Sunday 17 August 2008

te hurihanga - the turning point

there's a lovely piece in the waikato times this weekend about the pilot youth justice programme, te hurihanga. the programme was developed:

in the mid-1990s, when Judge Carolyn Henwood, a Wellington Youth Court judge, kept seeing young men coming before her bench not once or twice, but multiple times... After researching overseas programmes, she developed the seed of the idea that would become Te Hurihanga, focusing on sustaining and nurturing these young men, and the communities surrounding them.

the programme is intensive and expenisve, involving live-in facilities, education, counselling and also support for the whole family. it is the best way to help these young men turn their lives around.

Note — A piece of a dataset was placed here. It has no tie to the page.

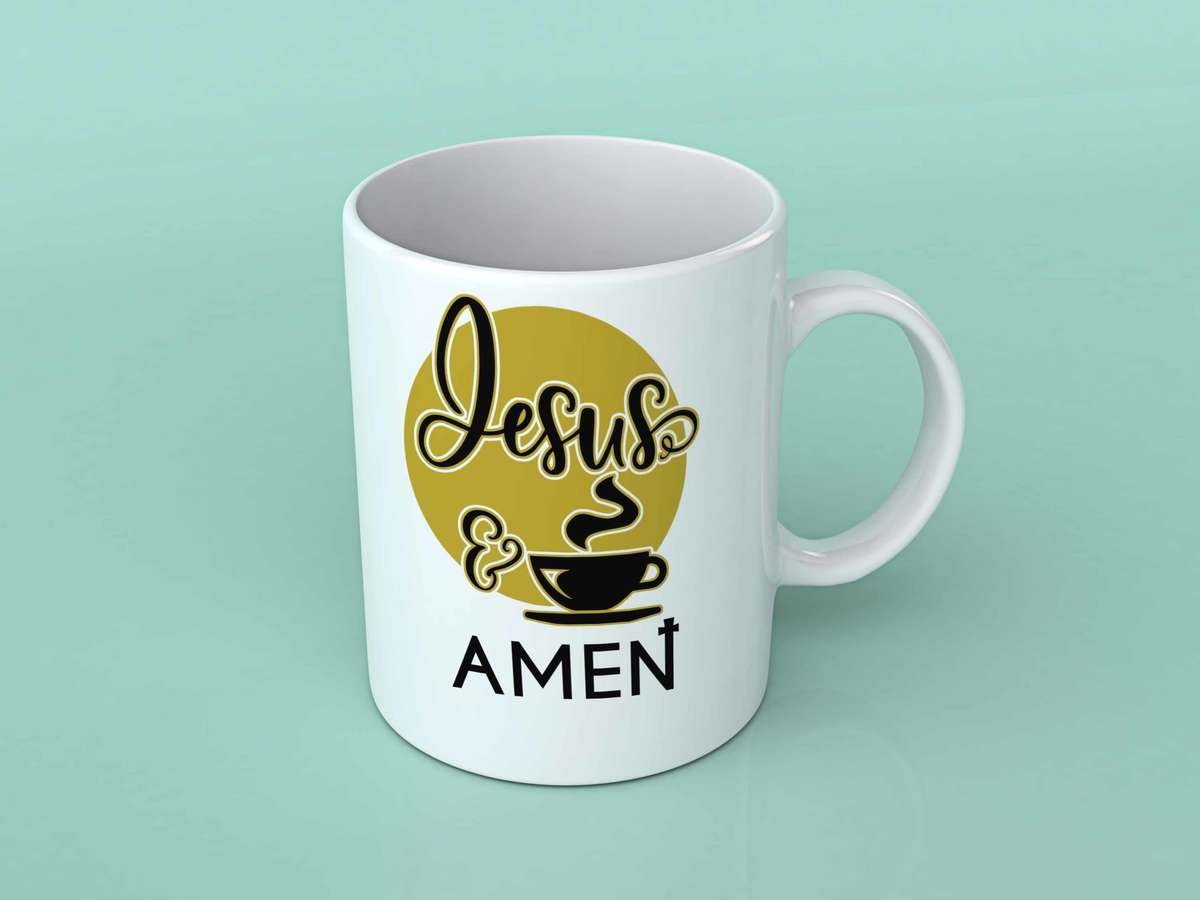 Jesus and Amen Coffee mug - Std mug | jumbo mug | Magic mug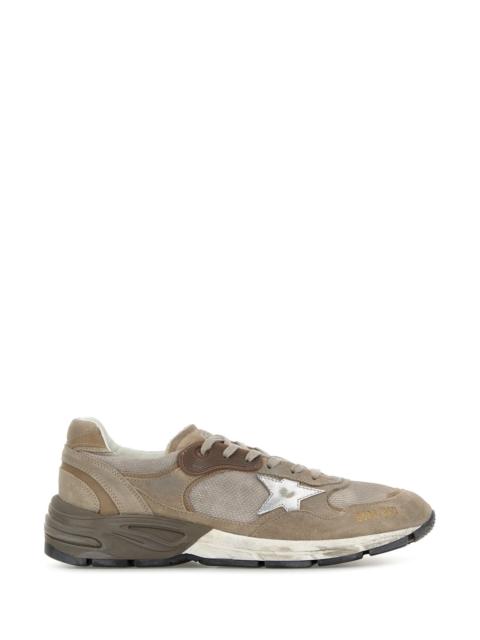 Golden Goose Dove grey mesh and suede Dad New sneakers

unfortunately the project has had a chequered history, mostly because no suburb in hamilton wanted to have the facility in their neighbourhood. the level of antagonism has been incredibly high and quite sad. the project moved from suburb to suburb, with mayoral candidates and electorate candidates whipping up the fear and hysteria in the quest for votes.

the unit was finally set up in the outskirts of hillcrest, and the opposition by the "hillcrest action group" (hag for short!) has been pretty nasty. i understand and agree with the right of communities to protest. i understand the fears people had of the young men running away from the unit, and therefore possibly being a danger to the neighbourhood. i particularly understand the anger at the politics involved in the decision-making process.

however, i don't think any of that justifies the lengths to which these people went. for example, they distributed pamphlets (cheap A4 photocopies) to mailboxes in the neighbourhood that had patently false information. now hag denies any involvement, but someone from the suburb claimed that the unit would house sexual offenders and violent criminals who could escape to molest children in the neighbourhood. this was totally untrue.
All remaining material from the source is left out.